Laura-Sophia M. von Hirschhausen edited this page Jun 30, 2022 · 12 revisions

🏠   ◀️ 03 | Exercise05 | Exercise ▶️

04 | Exercise - Reproducibility

17.05.22

In this exercise session, we will review and discuss the second assignment. After that, we delve deeper into the reproducible workflow, which you will need for the third assignment.

Agenda

  • 10:15 - 10:20: Welcome and arrival
  • 10:20 - 10:25: Peer-review recap and group forming
  • 10:25 - 11:00: Assignment 2 peer-review
  • 11:00 - 11:30: Assignment 2 discussion
  • 11:30 - 11:40: Assignment 3 introduction
  • 11:40 - 11:45: Goodbye and outlook

Session notes

Slides for the fourth exercise.

Assignment 3 - Reproducibility [1 point]

🕐   Due: Tue, 2022-06-07 10:00 AM

After having analyzed the data in the last assignment, we will continue our work with the German Credit Data (GCD)1 dataset.

Update: Please use the South German Credit Data Set2 instead! We discussed this in the exercise, but if you weren't present, we recommend you reading this note. Make use of your preprocessing script from the last assignment and modify it if necessary.

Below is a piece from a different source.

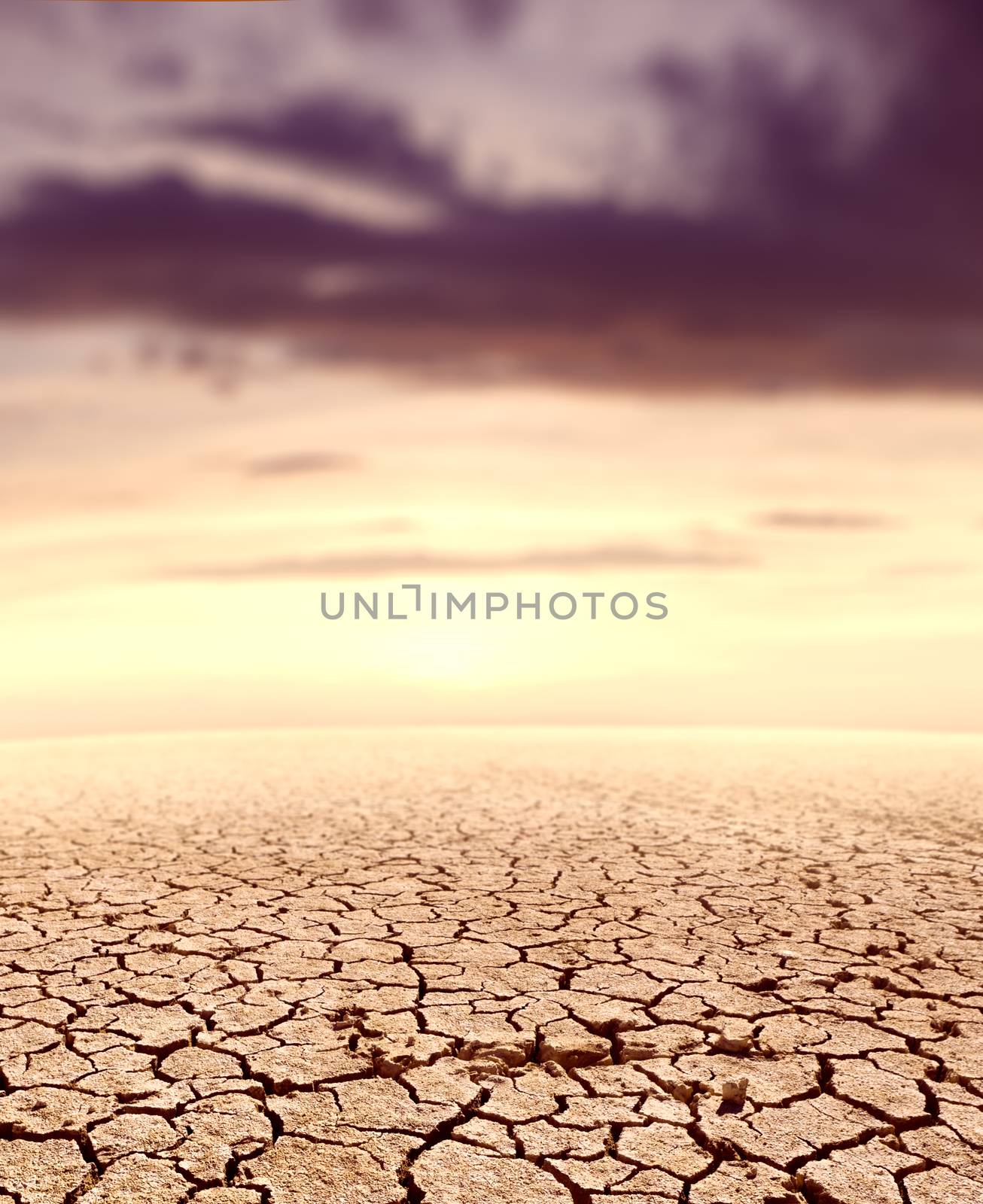 Desert landscape and sunset.Cracked soil by carloscastilla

Update 2: You may now use the already preprocessed South German dataset that we provide in the assignment 3 folder.

Create your group subfolder in hcds-summer-2022/assignments/A3_Reproducibility/ with your group name. Create a jupyter notebook file called A3_Reproducibility.ipynb inside your group folder. You will use this notebook to work on the assignment's tasks and to document your steps. In the end, your group's final solution should be contained within the notebook.

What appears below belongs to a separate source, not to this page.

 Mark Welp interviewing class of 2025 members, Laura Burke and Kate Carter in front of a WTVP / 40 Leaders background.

❗ Don't forget to submit your group's final commit hash to the Exercise Programming Assignment 3 Whiteboard assignment!

Reproducible Model Training

Now you will have the opportunity to use the knowledge of the dataset you gained in the previous exercise. You will build a model on the German Credit Data1 and evaluate it.

In this task, you shall also demonstrate that you can follow best practices for open scientific research in designing and implementing your project and make your project fully reproducible by others. Review the reproducibility slides from the lecture. While working on the task, keep in mind the key practices of a reproducible workflow.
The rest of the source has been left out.